WILL’S STRAIT SUITE

The photographic lens is a tool I use to explore concepts of abstraction, broadening my depth of looking, and seeing through visual engagement with form, structure, and light while walking and thinking about places that surround my life — from atmospheric portraits of cloud formations, to woods and waterways, to architecture, wildlife, and personal histories. Human ecologies insist that we are an accumulation of our influences (Yuriko Saito), fascinations and memories, and the phenomena of the physical world looms large and persistent. For me, the indiscriminate act of taking photographs has captured a certain aspect of these components, and in so contextualized my painting practice.

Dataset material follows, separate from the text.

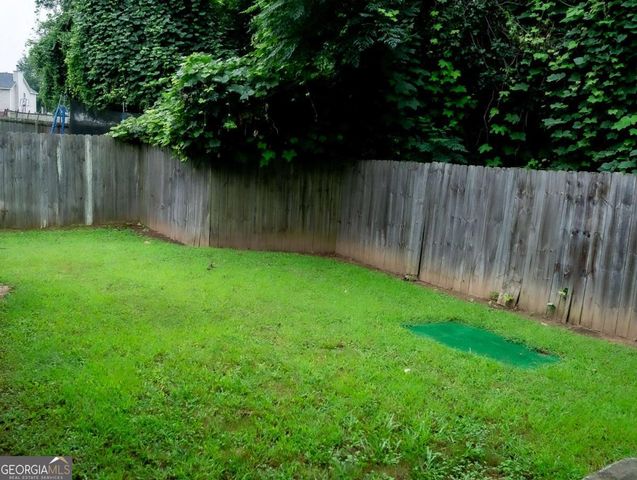 4761 Heather Mill Trace, Snellville, GA 30039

Will’s Strait Suite is composed of photographs taken while walking between Orr’s Island and Bailey Island in the town of Harpswell, Maine. The black and white images were printed on Moab paper, mounted on wood panels, and overpainted in oil. From Casco Bay in the Gulf of Maine, the Harpswell Islands comprise over two hundred miles of rugged, shoal-laden coastline and nearly ninety-eight off-shore islands. Will’s Strait (also referred to as Will’s Gut) is an environmental anomaly running east to west along the wild shoreline, passaging through a Cribstone Bridge, a nationally recognized, historic structure built in 1928 from a foundation of dry mounted granite slabs specifically designed to withstand heavy wind and waves, which connects the two islands. Will’s Strait is a channel-like body of coastal waters highly subject to surging tidal currents in heavy wind and weather. This natural distinction, as well as my personal thoughts and histories here, has influenced me to create this on-going project.